Greenfield Baptist Chapel is a Baptist chapel built in 1858 by Henry Rogers of Llanelli. It is constructed from snecked rubble stone with Bath stone dressings and features a slate roof. The chapel is designed in an Italianate Classical style, showcasing a pedimented northwest facade in Roman Doric style, complete with giant pilasters, a triglyph frieze, a mutule cornice, and a deep stone pediment. The pediment displays an oval plaque that reads 'Greenfield Baptist Chapel 1858'.

The facade includes arch-headed windows situated between pilasters, featuring pilaster jambs, moulded imposts, impost string courses, moulded arches, and keystones, along with sill bands.
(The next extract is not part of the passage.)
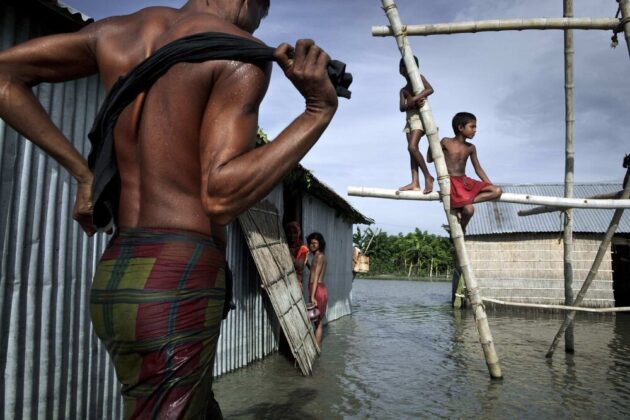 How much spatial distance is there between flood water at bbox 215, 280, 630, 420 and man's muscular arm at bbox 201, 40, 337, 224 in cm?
411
The outer windows are long, while the center window is shorter, positioned above a Roman Doric projecting flat porch supported by two columns, with pilaster responds and a triglyph cornice.

The original long sash windows, which had marginal and center narrow panes, have been replaced with plastic. The south side of the chapel has five similar long arched windows and a stone mutule cornice, with five basement sash windows below. The north side mirrors this design but retains the original glazing.

Surrounding the chapel is a low rubble wall topped with cast-iron coping and spearhead railings, which are set between cast-iron Gothic gatepiers made by Thomas and Clement of Llanelli. The railings extend along Station Road and Murray Street, in front of the site of a former Sunday School built in 1887 by G Morgan, which has since been demolished.

Inside, the chapel features a relatively simple layout with a four-sided gallery that was inserted in 1861 and 1867, supported by four iron columns. The gallery front is pierced cast-iron, and there is a plain pulpit adorned with silvered twisted metal columns and metal flowers on the rail. An organ, built by Harrison of Durham, was added to the south end in 1902.